## Instructions for the task
Output nothing but the lines from the beginning of the listing below through the line containing "Sarge Folding Knife", exactly as they stand, without pictures.

## Supplied records
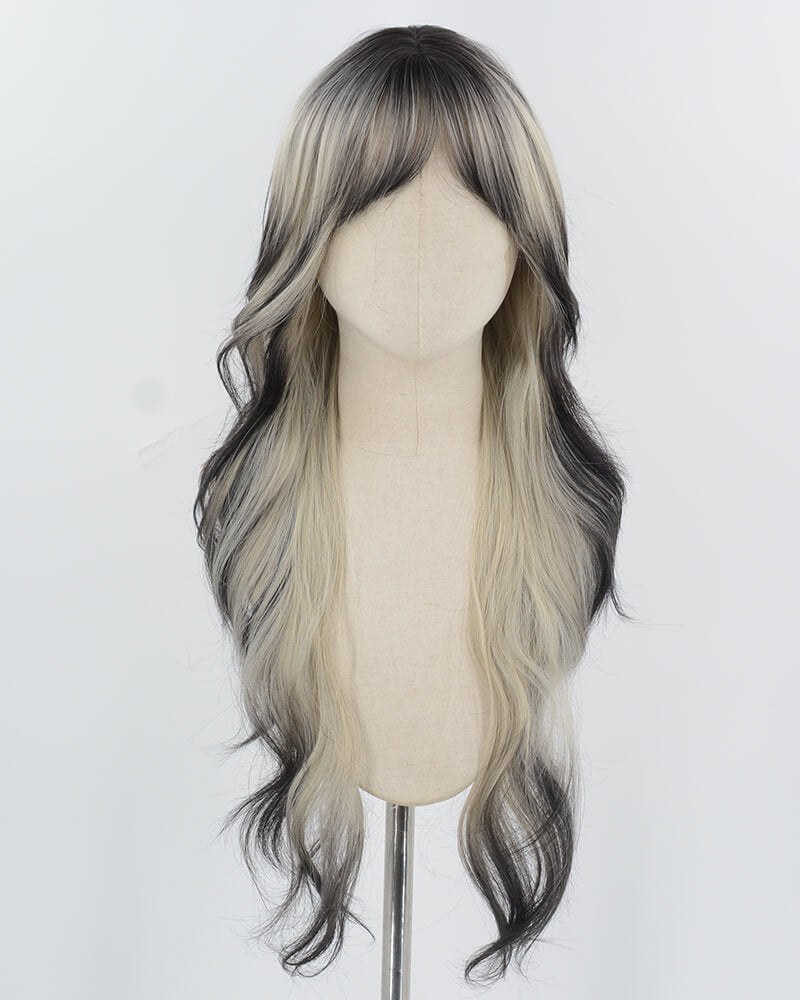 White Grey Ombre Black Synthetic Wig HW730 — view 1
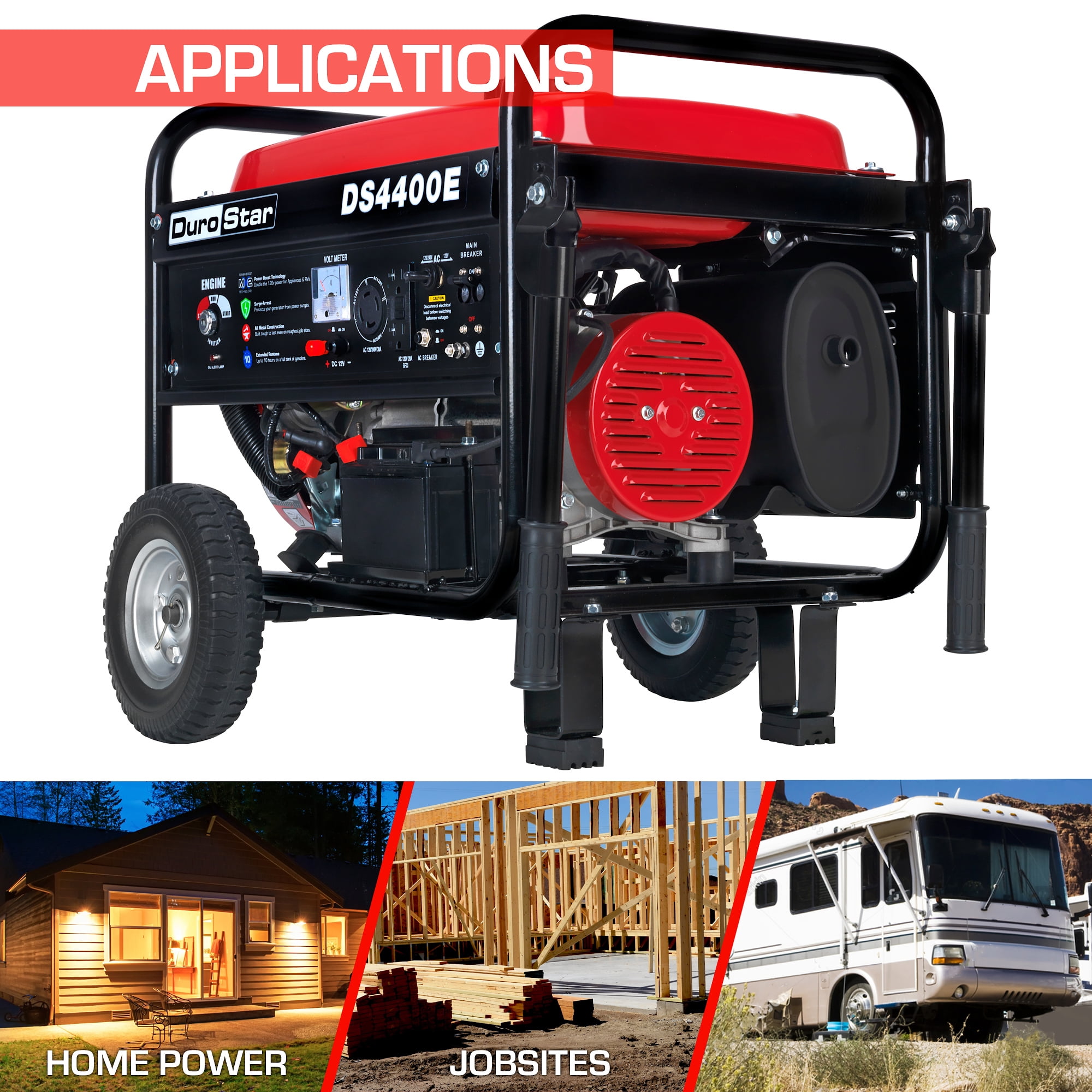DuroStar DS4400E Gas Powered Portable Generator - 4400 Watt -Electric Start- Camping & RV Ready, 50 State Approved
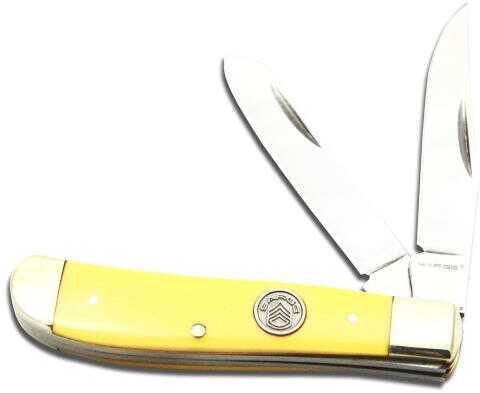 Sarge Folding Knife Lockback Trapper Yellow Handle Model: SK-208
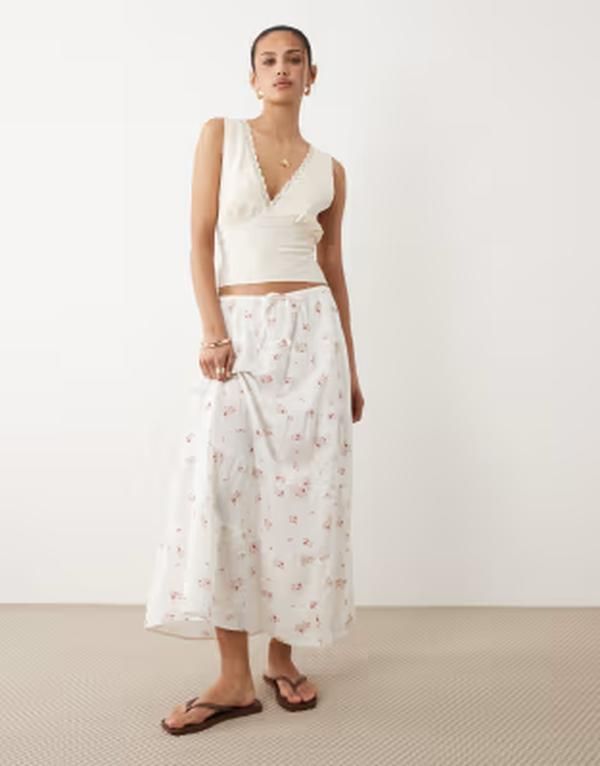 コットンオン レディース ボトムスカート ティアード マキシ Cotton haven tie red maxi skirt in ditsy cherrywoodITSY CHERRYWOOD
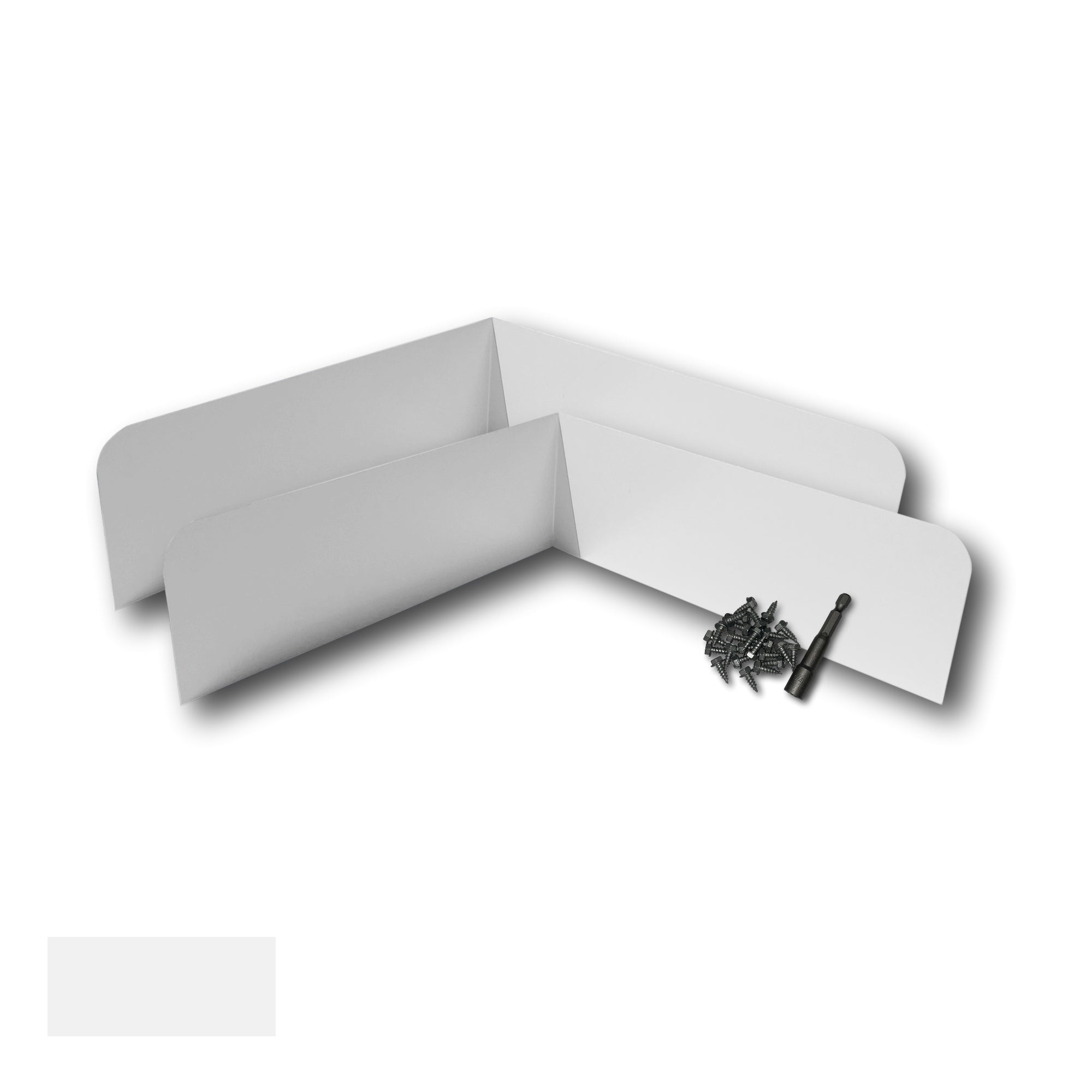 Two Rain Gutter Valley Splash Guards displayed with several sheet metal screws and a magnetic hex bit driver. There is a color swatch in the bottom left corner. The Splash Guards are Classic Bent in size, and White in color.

## Exercise answer
 White Grey Ombre Black Synthetic Wig HW730 — view 1
DuroStar DS4400E Gas Powered Portable Generator - 4400 Watt -Electric Start- Camping & RV Ready, 50 State Approved
 Sarge Folding Knife Lockback Trapper Yellow Handle Model: SK-208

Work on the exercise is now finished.